_TASK TO COMPLETE_
Your job is to retype all of the data word for word, leaving every image out.

_THE DATA_
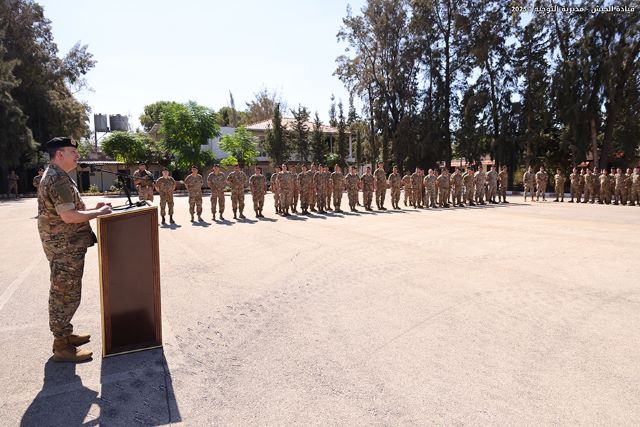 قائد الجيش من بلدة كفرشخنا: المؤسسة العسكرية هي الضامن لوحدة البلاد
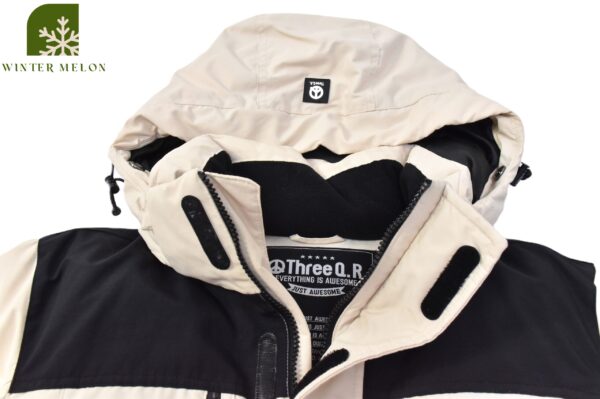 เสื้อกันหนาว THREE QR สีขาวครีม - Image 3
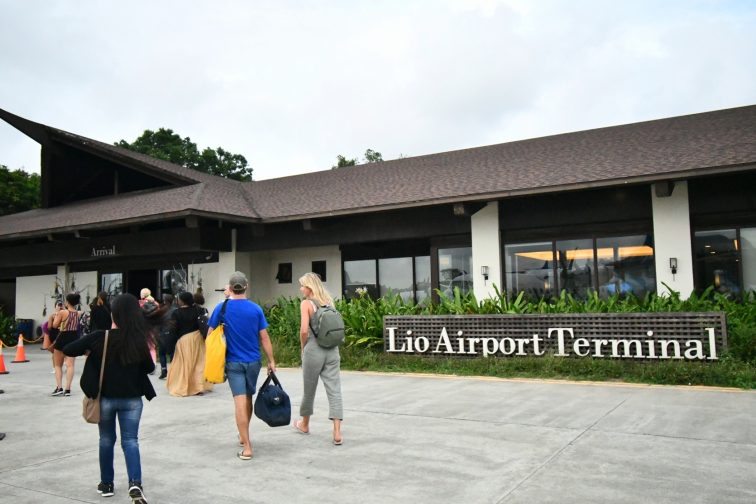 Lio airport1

_RESULT_
 قائد الجيش من بلدة كفرشخنا: المؤسسة العسكرية هي الضامن لوحدة البلاد
 เสื้อกันหนาว THREE QR สีขาวครีม - Image 3
 Lio airport1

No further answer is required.